┌──

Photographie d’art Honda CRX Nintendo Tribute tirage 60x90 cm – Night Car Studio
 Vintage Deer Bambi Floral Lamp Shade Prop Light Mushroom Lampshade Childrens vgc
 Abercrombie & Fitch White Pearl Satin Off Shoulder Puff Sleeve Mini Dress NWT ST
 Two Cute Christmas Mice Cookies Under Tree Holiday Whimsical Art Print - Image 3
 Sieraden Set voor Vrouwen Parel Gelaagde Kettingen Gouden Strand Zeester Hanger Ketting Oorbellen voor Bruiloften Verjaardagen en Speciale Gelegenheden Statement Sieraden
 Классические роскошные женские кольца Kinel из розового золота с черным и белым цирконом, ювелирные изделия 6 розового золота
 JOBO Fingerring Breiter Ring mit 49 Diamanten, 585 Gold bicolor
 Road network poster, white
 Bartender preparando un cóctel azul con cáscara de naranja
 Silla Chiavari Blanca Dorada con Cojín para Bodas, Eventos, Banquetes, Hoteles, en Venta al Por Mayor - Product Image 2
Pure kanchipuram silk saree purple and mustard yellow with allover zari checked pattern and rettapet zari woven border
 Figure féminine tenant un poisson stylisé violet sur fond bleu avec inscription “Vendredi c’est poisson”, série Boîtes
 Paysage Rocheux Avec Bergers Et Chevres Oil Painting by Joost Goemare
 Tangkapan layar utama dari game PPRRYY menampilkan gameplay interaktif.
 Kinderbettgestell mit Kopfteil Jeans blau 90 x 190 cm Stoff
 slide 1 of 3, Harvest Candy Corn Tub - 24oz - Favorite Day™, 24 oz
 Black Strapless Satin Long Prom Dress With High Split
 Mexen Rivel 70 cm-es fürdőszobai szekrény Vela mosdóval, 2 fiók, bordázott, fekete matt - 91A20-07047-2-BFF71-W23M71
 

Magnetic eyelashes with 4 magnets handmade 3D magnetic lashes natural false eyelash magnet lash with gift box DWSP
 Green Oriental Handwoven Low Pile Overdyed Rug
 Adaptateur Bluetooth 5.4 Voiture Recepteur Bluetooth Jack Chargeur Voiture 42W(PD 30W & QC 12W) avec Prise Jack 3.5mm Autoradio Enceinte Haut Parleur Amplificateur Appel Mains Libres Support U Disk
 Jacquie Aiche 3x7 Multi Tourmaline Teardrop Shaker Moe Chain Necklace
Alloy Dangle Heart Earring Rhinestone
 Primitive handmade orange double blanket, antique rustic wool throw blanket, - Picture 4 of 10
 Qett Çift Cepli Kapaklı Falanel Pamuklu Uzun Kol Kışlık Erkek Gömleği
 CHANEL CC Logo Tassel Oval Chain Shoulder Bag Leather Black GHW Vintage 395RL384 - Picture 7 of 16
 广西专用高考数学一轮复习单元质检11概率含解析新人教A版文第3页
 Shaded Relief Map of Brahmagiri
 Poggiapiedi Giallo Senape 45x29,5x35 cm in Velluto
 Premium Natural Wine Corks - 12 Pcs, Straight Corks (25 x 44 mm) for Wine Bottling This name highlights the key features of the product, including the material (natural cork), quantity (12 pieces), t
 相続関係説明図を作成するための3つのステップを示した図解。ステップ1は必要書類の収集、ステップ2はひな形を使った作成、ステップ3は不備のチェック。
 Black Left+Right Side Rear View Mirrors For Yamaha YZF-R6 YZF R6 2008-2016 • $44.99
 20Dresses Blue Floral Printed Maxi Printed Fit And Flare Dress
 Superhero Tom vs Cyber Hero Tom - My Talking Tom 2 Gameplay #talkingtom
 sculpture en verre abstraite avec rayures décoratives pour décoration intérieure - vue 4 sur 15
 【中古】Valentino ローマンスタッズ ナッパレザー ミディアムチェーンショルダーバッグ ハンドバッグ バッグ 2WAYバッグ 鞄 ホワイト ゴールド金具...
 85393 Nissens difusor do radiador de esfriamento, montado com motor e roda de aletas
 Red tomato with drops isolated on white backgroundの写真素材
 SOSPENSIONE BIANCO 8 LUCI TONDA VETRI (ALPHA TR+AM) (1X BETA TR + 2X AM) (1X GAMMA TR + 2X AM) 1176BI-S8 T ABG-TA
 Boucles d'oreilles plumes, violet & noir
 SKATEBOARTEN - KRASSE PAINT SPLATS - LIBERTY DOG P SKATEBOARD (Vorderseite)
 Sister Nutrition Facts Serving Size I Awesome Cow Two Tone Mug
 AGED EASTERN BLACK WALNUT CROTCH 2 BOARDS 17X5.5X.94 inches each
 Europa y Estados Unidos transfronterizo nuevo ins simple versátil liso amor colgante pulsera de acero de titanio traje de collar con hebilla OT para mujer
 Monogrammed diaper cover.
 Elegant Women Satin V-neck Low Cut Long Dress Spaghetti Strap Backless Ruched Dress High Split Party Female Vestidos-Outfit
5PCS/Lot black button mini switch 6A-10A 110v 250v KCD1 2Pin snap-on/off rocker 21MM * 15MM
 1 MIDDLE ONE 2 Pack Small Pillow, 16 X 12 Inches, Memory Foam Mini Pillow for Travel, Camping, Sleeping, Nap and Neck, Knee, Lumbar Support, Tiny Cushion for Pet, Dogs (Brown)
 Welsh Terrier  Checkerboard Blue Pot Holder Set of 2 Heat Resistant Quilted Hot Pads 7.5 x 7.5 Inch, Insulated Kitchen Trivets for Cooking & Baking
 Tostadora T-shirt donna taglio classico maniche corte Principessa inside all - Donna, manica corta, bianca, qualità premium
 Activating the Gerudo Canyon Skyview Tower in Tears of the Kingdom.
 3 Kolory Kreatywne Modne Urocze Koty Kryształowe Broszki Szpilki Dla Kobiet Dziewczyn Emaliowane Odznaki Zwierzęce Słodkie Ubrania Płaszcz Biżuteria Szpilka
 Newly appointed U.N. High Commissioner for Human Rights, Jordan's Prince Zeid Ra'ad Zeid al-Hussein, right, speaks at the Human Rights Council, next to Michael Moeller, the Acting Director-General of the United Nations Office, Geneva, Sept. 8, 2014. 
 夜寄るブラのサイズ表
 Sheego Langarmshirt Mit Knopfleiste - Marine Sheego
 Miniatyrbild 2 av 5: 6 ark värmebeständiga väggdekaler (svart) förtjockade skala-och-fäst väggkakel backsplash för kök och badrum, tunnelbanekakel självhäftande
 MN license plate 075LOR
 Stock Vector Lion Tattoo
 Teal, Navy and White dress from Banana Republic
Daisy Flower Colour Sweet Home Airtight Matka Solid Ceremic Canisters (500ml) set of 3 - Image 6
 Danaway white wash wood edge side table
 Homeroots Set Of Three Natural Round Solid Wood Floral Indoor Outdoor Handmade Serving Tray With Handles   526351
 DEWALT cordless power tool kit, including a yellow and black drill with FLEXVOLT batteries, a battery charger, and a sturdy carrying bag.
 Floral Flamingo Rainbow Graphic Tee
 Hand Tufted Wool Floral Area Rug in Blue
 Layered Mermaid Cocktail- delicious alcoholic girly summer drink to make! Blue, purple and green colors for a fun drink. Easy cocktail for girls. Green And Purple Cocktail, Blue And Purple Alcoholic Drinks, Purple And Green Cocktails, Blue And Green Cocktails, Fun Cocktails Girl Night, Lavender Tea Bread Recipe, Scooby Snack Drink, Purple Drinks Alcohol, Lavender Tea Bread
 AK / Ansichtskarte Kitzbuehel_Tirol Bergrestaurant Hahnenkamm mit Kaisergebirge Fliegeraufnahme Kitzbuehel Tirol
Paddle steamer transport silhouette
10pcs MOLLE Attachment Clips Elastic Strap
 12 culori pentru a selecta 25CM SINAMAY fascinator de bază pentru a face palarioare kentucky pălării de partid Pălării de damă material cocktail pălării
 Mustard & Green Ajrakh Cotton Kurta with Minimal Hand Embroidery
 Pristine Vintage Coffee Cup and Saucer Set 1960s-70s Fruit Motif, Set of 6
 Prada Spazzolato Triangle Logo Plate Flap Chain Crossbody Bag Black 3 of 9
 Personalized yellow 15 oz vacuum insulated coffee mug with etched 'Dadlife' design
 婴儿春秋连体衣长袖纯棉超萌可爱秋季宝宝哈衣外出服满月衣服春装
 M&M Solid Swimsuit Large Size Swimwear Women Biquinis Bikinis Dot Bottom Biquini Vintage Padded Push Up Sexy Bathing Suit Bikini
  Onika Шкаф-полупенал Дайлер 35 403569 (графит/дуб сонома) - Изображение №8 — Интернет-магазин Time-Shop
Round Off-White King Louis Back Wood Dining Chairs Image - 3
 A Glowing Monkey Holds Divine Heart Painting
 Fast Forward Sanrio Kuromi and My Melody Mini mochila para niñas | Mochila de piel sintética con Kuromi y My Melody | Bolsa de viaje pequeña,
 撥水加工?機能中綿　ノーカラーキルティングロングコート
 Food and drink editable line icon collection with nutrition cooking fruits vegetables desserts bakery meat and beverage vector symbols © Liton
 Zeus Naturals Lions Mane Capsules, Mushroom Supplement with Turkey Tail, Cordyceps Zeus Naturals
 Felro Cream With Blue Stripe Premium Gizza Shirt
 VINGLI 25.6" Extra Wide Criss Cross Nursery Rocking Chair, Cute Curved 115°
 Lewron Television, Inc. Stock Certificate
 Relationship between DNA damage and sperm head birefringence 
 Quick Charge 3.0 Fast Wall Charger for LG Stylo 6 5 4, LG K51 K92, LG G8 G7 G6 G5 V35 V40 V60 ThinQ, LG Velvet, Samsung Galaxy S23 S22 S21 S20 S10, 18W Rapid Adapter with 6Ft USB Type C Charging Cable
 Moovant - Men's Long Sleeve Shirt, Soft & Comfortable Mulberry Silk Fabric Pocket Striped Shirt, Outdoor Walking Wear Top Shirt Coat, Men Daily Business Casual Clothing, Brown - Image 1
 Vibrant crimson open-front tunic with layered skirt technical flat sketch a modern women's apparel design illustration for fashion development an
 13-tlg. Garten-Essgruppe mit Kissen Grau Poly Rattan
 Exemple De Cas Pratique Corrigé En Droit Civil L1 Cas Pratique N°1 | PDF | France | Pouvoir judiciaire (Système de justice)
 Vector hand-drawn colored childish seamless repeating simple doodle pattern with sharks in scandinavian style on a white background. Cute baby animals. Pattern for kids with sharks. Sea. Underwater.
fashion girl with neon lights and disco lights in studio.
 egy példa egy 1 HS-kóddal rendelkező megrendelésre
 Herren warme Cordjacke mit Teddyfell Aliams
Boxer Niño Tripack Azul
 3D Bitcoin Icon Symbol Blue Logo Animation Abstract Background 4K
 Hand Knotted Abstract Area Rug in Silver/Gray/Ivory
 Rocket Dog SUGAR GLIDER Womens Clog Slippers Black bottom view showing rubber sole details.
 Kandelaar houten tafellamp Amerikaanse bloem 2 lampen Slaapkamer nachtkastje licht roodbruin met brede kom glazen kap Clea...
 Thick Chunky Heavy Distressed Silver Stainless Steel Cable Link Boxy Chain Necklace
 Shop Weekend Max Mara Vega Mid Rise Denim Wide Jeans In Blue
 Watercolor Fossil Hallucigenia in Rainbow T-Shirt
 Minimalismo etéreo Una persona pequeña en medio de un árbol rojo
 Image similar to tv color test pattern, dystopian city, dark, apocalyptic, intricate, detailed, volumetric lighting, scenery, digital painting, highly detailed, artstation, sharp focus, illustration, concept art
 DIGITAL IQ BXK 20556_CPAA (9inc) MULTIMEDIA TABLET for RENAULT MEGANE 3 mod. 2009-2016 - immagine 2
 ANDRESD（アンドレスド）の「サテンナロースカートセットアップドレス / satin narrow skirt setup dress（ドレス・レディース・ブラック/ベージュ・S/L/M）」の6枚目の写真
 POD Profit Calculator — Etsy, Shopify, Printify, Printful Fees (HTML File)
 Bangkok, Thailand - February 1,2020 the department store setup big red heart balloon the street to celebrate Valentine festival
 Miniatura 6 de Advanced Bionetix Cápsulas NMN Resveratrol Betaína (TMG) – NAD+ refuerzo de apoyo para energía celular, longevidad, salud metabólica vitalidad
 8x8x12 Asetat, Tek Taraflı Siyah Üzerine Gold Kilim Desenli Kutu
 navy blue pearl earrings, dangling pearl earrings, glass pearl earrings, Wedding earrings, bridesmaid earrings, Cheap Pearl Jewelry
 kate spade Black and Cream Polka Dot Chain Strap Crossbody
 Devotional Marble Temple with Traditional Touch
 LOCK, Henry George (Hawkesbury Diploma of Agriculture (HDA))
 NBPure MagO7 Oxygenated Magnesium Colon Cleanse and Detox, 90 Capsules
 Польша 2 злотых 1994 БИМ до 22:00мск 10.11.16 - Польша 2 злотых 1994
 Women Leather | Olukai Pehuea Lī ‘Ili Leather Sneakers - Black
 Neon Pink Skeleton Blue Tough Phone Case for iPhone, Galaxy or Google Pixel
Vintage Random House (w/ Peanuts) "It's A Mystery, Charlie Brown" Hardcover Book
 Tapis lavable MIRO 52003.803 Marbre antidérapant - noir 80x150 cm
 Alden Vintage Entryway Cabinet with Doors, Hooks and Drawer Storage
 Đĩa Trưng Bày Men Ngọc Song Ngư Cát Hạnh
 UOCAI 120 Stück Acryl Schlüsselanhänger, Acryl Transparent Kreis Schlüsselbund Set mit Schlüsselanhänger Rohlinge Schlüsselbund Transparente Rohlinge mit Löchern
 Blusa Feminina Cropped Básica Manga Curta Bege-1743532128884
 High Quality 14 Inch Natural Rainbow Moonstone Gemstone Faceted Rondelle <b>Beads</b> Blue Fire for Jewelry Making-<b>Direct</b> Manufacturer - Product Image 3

└──

**DIRECTIONS**: From the data above, copy out every line with the string "pequeña" in it.

**EXERCISE SOLUTION**:
 Fast Forward Sanrio Kuromi and My Melody Mini mochila para niñas | Mochila de piel sintética con Kuromi y My Melody | Bolsa de viaje pequeña,
 Minimalismo etéreo Una persona pequeña en medio de un árbol rojo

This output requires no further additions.